… Потом я сидела на кухне, рыдая на плече у Чеда, и пыталась объяснить, как мне страшно. Чед разжал свои стальные руки только для того, чтобы забросить на плечо Мерлина («Истинно глаголю, горим в геенне, и никто не в безопасности», – сообщил он при этом и, Даром клянусь, был прав) и унести в карету. Ларри колготил рядом. Многочисленные цацки Олега я сунула тому в карман – он к ним энергетически привык, может, они ему и вправду поспособствуют…

Наконец я напилась нагретого вина, наелась мяса с фигней и обнаружила, что Белка умотала с пациентом, так как без нее никто не справился бы с формальной стороной вопроса даже при наличии паспорта; Ларри вопросительно вьется около двери, а внизу в машине сидят двое полицейских.

– Ты готова? – спросил Вася.

– Поехали. – Утерев нос, я встала и накинула черную курточку. – Поехали… или даже пошли. На самом деле недалеко. Нам нужен подвал дома, в котором живет Мерлин. Ну и его квартира. Мы же можем?…

– Можем, можем, – проворчал Ларри. – Захотим – так сможем, чай, в России живем. – Так это в паре кварталов всего… хорошо, что не какое-нибудь Бутово…

– Не надо Бутова… все здесь, рядом… слишком близко, ребята.

Ларри и Чед притихли и шли за мной как два оруженосца. Я знала, что у Чеда есть нечто вроде кастета и сам Чед, а у Васьки в принципе – не сейчас – имеется табельное оружие. Пистолет.

Но ни у того ни у другого не было в кармане детской игрушки, наполненной соленым киселем. Чтобы если что…

Силуэт с катаной стоял по ту сторон баррикад.

А мы шли не играть. Весело оказалось только вначале.


Дом тянулся длинной мрачной стеной.

Шестиподъездная девятиэтажка стояла в уникальном по красоте месте Москвы, но… но мне сейчас, майской ночью, она показалась оплотом орков. Ситуацию не спасали ни храм неподалеку, ни очаровательная девушка, сильно припозднившаяся, бежавшая к дому, ни уютные огни окон полуночников. Еще больше меня напрягла машина скорой, стоящая около шестого подъезда. Но нам надо было в первый. Точнее, в подвал. Я точно знала… подвал должен быть. Низкое затхлое помещение, воняющее нечистотами, в которое ведет короткая узкая ржавая лестница. Потолком служит пол подъезда.

Мы бродили вокруг торца здания. В конечном счете вход показал худой туркмен в оранжевой жилетке. Сами уборщики жили в такой же каморе под четвертым подъездом.

– Замок вешаем, сбивают, – сказал туркмен. – Снова вешать – денег нет. Жить нельзя, низко, сыро, пол разбили.
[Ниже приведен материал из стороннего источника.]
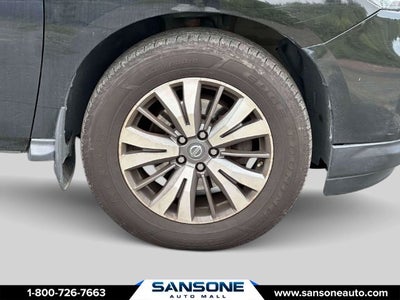 2017 Nissan Pathfinder SL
Хотя очень тепло, труба идет.

– Ларри, – сказал один из полицейских, – а ведь это дрянной домик.

– Точно, – задумчиво произнес Васька. – Ники, ты прикинь, у нас в этом доме два суицида и три убийства за неделю… в том числе мать ребенка из окна выкинула… прозвали дрянным домиком…

Я остановилась и уставилась на скорую.

Туркмен, махнув рукой, исчез в ночи.

– Ладно…

Было очень страшно. Чед почувствовал, что меня колотит, и прихватил за плечи.
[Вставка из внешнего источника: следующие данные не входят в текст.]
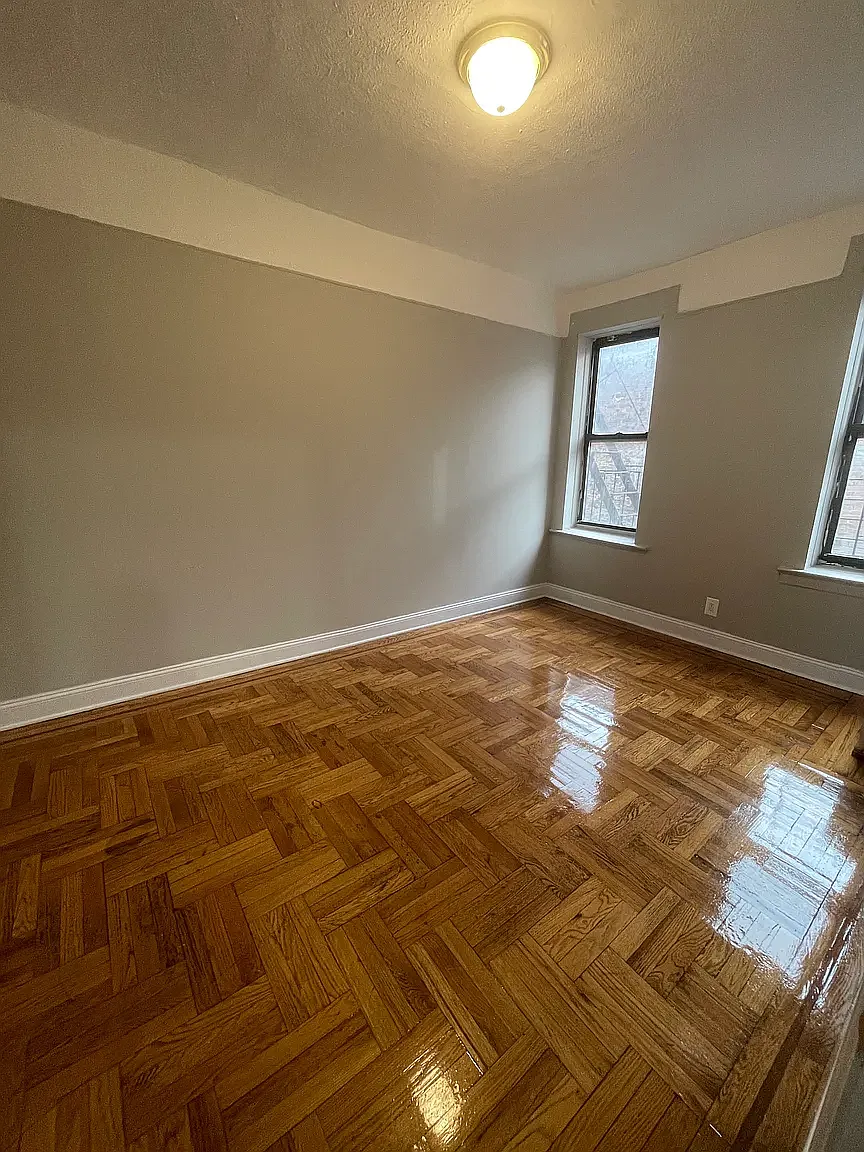 945 Saratoga Avenue — Photo 3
Полицейские, включив мощные фонари, спустились первыми, мы следом. Женьке пришлось стоять нагнувшись. Но помещение, хотя и оказалось низким, было большим, как зал, кое-где пересеченным коммуникациями.
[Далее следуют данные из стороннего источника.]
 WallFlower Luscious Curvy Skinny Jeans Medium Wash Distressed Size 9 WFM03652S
Подвал этот был сделан в свое время с нарушением строительных норм – по крайней мере, так мне подсказывали здравый смысл и мои скудные представления об этих самых нормах. Потолок и вправду был низким, что, наверное, не позволяло использовать это помещение как полноценную хозяйственную подсобку. Вход в помещение, откуда коммунальные работники выкатывают тележки с мусором из мусоропровода, был с другой стороны здания и выглядел гораздо ухоженнее.

Кроме того, когда-то в незапамятные времена пол подвала был залит бетоном, или цементом, или как там еще называют эту смесь; от этого покрытия остались отдельные островки, а куски отколотых серых плит были кое-где сложены в виде скамеек. На одной такой скамейке даже сохранилась расплющенная газета – на ней точно сидели, и, возможно, не раз.